=== Exercise description ===
Please copy out every line in the records below that includes the word "Wallpapers".

=== Input data ===
++++++

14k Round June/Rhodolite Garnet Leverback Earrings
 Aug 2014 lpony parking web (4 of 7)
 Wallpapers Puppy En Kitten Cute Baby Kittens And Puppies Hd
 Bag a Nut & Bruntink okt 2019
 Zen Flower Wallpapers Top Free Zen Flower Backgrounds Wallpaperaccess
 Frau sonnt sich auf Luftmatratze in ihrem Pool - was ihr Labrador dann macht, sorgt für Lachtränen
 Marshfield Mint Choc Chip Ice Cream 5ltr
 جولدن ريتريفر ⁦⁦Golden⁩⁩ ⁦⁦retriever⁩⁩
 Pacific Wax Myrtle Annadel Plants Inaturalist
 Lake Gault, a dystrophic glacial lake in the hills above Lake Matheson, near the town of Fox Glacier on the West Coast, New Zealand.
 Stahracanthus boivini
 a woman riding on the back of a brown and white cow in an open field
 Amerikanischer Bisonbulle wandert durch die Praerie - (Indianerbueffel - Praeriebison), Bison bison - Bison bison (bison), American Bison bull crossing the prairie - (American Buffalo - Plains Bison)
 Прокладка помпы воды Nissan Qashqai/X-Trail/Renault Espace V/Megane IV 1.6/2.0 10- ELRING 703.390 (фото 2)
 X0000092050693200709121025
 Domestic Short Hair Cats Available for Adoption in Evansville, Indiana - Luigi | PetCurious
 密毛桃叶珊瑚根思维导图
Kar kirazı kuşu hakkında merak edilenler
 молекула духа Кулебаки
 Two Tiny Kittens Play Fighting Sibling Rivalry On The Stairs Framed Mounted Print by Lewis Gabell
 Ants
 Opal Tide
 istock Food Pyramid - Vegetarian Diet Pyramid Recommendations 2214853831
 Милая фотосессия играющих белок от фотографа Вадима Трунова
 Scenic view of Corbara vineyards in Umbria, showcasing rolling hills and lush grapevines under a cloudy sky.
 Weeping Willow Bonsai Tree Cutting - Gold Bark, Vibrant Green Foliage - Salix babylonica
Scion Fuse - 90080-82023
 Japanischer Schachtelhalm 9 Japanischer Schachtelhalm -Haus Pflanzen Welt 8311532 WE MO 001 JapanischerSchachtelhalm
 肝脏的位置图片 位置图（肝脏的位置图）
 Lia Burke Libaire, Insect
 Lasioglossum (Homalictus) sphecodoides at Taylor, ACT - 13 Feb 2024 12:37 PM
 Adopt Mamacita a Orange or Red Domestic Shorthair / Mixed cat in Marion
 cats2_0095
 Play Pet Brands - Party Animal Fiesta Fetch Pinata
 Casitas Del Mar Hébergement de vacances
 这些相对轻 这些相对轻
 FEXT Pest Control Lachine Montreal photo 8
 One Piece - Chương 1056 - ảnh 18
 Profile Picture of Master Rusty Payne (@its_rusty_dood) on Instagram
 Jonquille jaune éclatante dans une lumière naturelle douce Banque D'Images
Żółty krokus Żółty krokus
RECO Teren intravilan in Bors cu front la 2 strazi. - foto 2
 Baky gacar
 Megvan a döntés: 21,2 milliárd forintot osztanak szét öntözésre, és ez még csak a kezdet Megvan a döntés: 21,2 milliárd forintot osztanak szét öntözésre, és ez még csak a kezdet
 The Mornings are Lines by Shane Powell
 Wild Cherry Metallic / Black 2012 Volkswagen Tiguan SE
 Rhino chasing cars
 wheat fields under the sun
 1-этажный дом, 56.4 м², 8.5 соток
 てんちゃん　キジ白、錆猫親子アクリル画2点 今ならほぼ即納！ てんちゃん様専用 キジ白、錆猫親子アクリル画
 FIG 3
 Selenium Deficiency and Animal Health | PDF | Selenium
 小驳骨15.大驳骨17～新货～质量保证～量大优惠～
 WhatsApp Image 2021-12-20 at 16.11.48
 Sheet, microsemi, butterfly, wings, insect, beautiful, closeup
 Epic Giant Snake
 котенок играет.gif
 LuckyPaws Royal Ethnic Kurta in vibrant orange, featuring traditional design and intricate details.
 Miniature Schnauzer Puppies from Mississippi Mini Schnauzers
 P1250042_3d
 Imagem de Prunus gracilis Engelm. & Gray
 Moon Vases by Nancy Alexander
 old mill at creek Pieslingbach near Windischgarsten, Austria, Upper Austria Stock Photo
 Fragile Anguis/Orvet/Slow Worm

++++++

=== Exercise solution ===
 Wallpapers Puppy En Kitten Cute Baby Kittens And Puppies Hd
 Zen Flower Wallpapers Top Free Zen Flower Backgrounds Wallpaperaccess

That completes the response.